The experiment I got to work on consisted on learning about the fate of phosphate in three different land use types. From previous research, we learned that phosphate can be removed from surface water by co-precipitating with calcium carbonate. Our question was, does phosphate and calcium carbonate behave the same in soil? We looked at the surface and carbonate-rich soils in three locations and compared how much PO43- solution was absorbed by each soil type and location. The three soil types were the LTER agricultural field, old field, and deciduous forest.
When looking at the surface soils, the forest absorbed the most PO43-, even though it had the least amount of Ca2+. This demonstrated a negative relationship, which doesn’t support our hypothesis. In the carbonate-rich soils, the forest absorbed the most PO43- and did have a significantly higher amount of Ca2+. Different processes may be contributing to PO43- absorption in the surface vs. carbonate-rich soils. From our study we learned that the agricultural surface soils lose their capacity to absorb PO43-, when compared to soils that have no recent agricultural management like the old field and forest. It is important to continue studying the chemical process and movement of PO43- in different soil types in order to understand the environmental impacts in freshwater ways.
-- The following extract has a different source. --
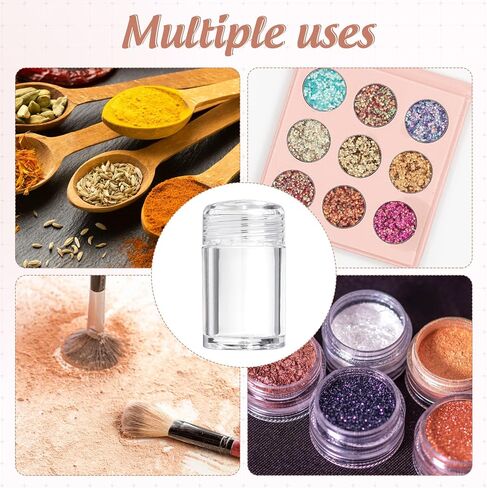 RAYNAG 6 Pieces Mini Empty Loose Powder Bottle Travel Cosmetic Glitter Powder Eye Shadow Powder Box with Sifter and Lids (Single hole) in Kuwait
From the beginning, I knew this was going to be a whole new experience for me. Coming from the sunny coast of California, I found myself surrounded by the greenness and peacefulness of Michigan. Being here has brought me closer to nature and strengthened my interest in studying the outdoors. Working at KBS has reminded me that I am capable of pursuing a career in science and there is no specific amount of time that it should take to get there. By being part of this program, I was able to experience the different sides of research. I got to work in the field, chemistry lab, attend lab meetings, and present my own work. I’m happy I decided to spend my summer at KBS and now I feel more confident and prepared to start at the University of California San Diego this fall.